• **WORK TO BE COMPLETED**: Pictures do not belong in the copy. Write out exactly the lines from the one containing "Een groep mensen" through the end of the data.

::::

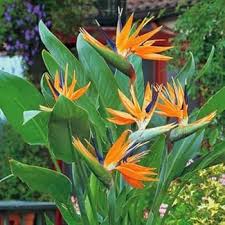 Paradise Flower Seeds for Planting – Heirloom, Non-GMO, Shade-Tolerant Organic Garden Seeds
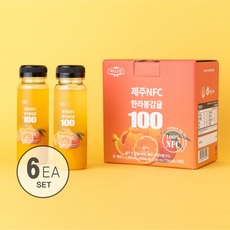 [올리온 공식몰] 제주깜놀 한라봉 감귤쥬스 % 착즙 180ml (1box), 1박스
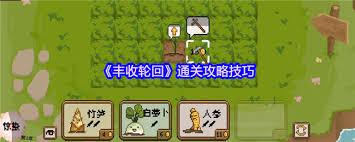 丰收轮回怎么通关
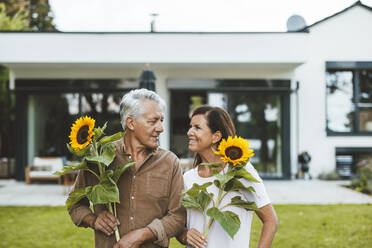 Glückliches Paar mit Sonnenblumen, das sich im Garten ansieht - GUSF06959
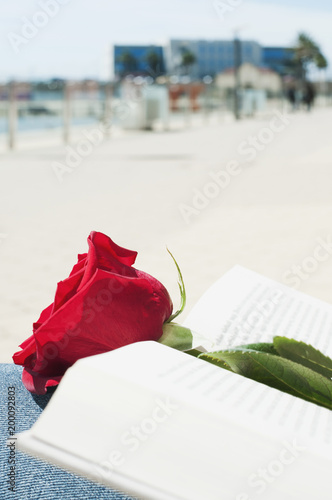 red rose and book for Saint George Day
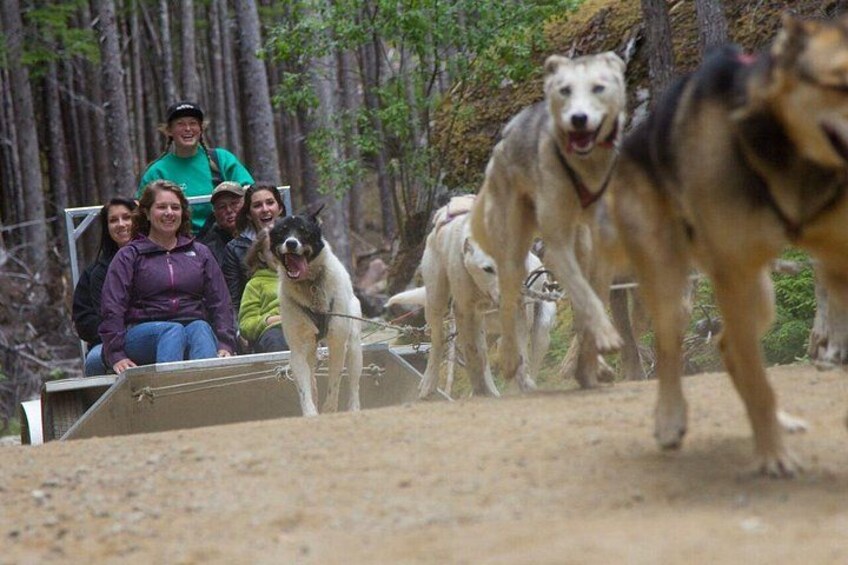 Een groep mensen op een houten platform, samen met honden, in een bebost gebied. 3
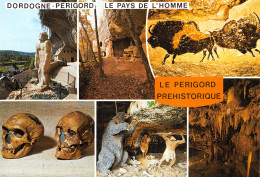 24-LE PERIGORD PREHISTORIQUE-N°2810-A/0361 - Sonstige & Ohne Zuordnung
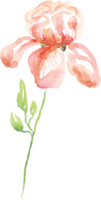 vattenfärg iris blomma. handmålad illustration png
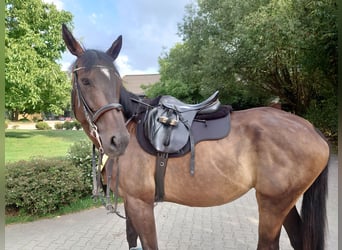 Englisches Vollblut, Stute, 9 Jahre, 173 cm, Dunkelbrauner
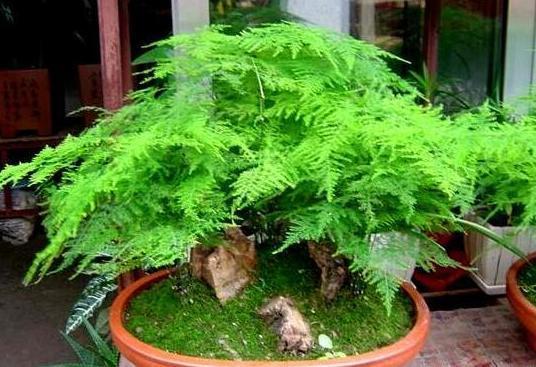 这10种花夏天“晒不得”,一见强光就黄叶,赶紧搬回家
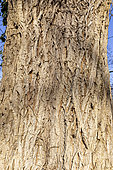 White Ash (Fraxinus americana) 'Autumn Purple', bark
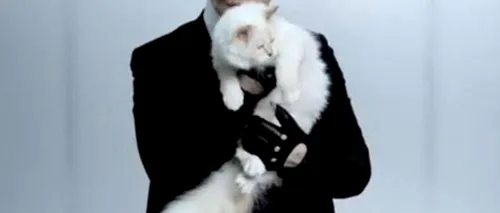 Pisica lui Karl Lagerfeld este milionară. Câți bani a câștigat anul trecut 
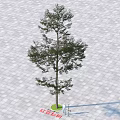 Elegant Arbor Tree with Thick Trunk on Paved Ground and Long Shadow 3d model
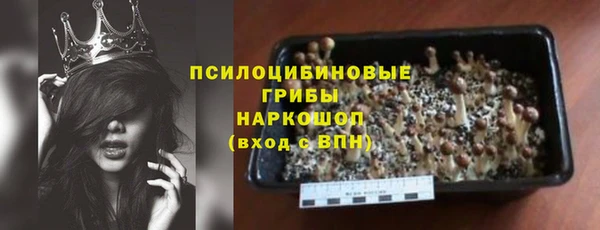 прущие грибы Краснотурьинск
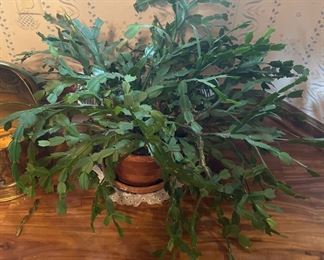 Beautiful Houseplants In Healthy Condition. Includes Christmas Cactus, Planters, Plant Stand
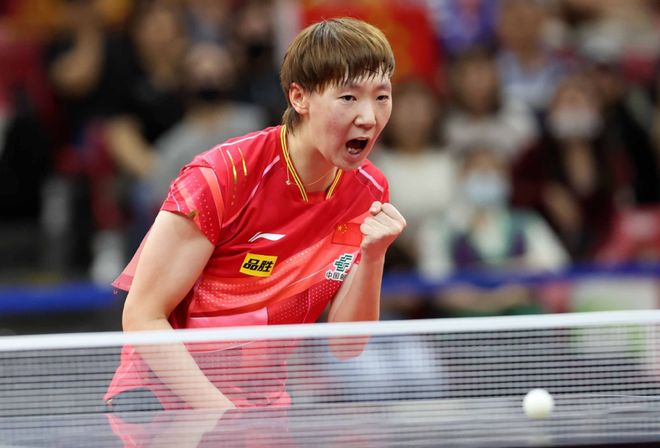 力的环节 力的环节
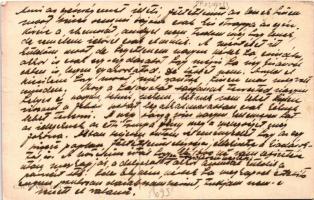 Gruss vom Krampus! C.H.W. VIII/2. 2494-9. / Krampus greeting art postcard, playing the flute (EK)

::::

• **RESULT OF THIS TASK**:
 Een groep mensen op een houten platform, samen met honden, in een bebost gebied. 3
 24-LE PERIGORD PREHISTORIQUE-N°2810-A/0361 - Sonstige & Ohne Zuordnung
 vattenfärg iris blomma. handmålad illustration png
 Englisches Vollblut, Stute, 9 Jahre, 173 cm, Dunkelbrauner
 这10种花夏天“晒不得”,一见强光就黄叶,赶紧搬回家
 White Ash (Fraxinus americana) 'Autumn Purple', bark
 Pisica lui Karl Lagerfeld este milionară. Câți bani a câștigat anul trecut 
 Elegant Arbor Tree with Thick Trunk on Paved Ground and Long Shadow 3d model
 прущие грибы Краснотурьинск
 Beautiful Houseplants In Healthy Condition. Includes Christmas Cactus, Planters, Plant Stand
 力的环节 力的环节
 Gruss vom Krampus! C.H.W. VIII/2. 2494-9. / Krampus greeting art postcard, playing the flute (EK)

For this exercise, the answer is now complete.